Menghadapi pemilu 2009 mendatang sosialisasi pemilu dengan mencoblos atau mencontreng di masyarakat masih menjadi perbincangan. Termasuk dalam penentuan caleg menggunakan nomor urut atau dengan suara terbanyak. Bila menggunakan mencontreng ambil contoh penduduk Jateng yang masih buta huruf cukup banyak dan mereka itu usia yang mendapatkan hak pilih. Sehingga sosialisasi pelaksanaan pemilu dilakukan oleh semua pihak termasuk para caleg yang sedang bertarung. Ini penting mengingat fungsi para caleg ini juga memberikan pendidikan politik kepada masyarakat. Jangan sampai kualitas pemilu menurun dari segi jumlah pemilihnya.

Ancaman golput dan ajakan golput menjelang pemilihan adalah hal yang wajar.
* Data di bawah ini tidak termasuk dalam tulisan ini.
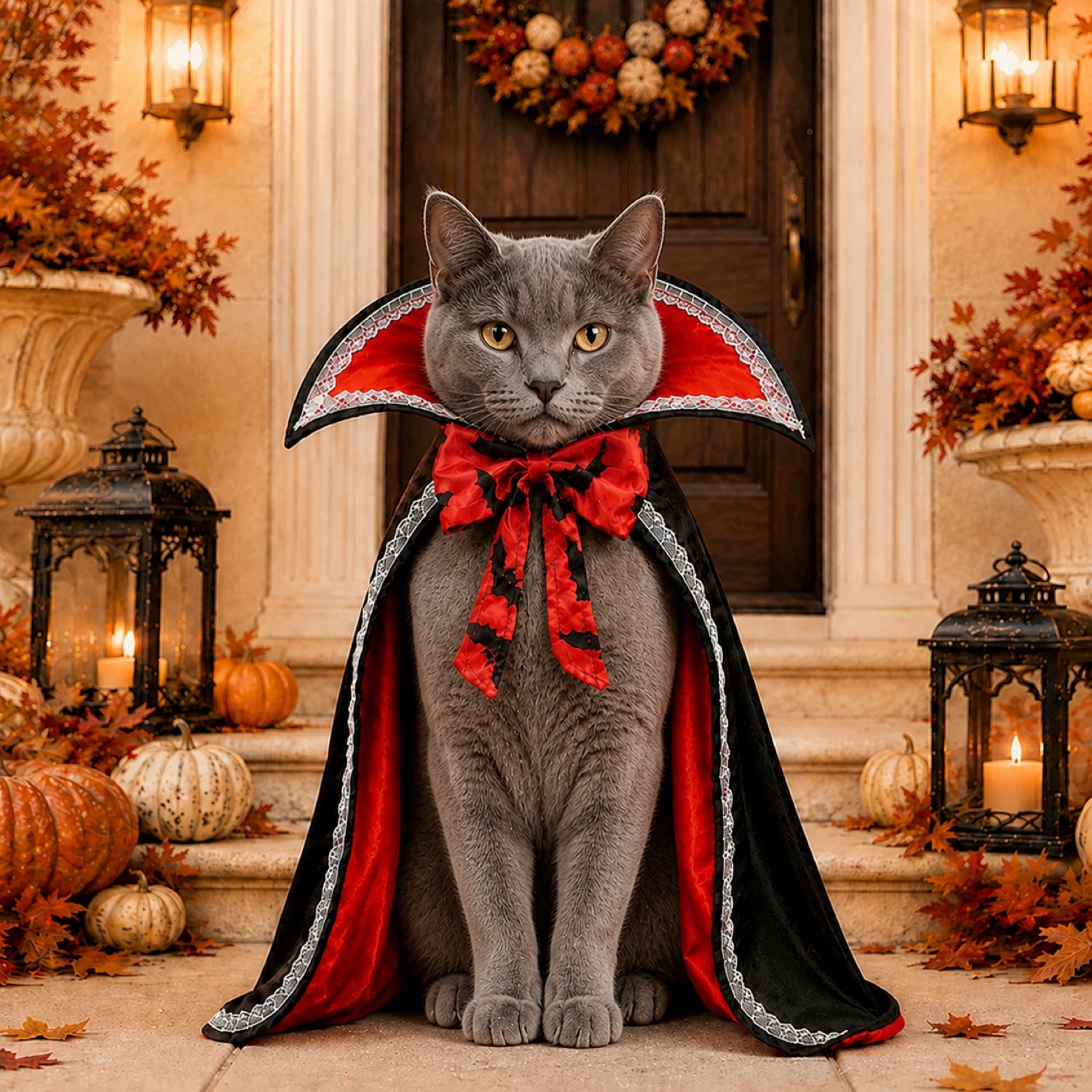 Vampire Pet Costume | Halloween Cape with High Collar for Dogs & Cats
Namun bagaimana meyakinkan orang bahwa pemilu merupakan bagian kehidupan berbangsa dan bernegara. Harus disikapi dengan bijaksana. Sinyalemen banyaknya golput sudah dapat diketahui melalui pilkada pilkada di daerah yang menggunakan hak pilihnya. Tugas utama para kader partai dan petinggi partai harus dapat membawakan contoh kesederhanaan, cinta pada negara, dan seterusnya. Mengingat dari sejarah ancaman bukan datang dari luar tetapi datang dalam negeri sendiri. Contoh jatuhnya kekuasaan raja raja di Jawa kebanyakan hasutan dari orang dekatnya sendiri. Hal ini bisa dijadikan pelajaran untuk menuju masyarakat sejahtera.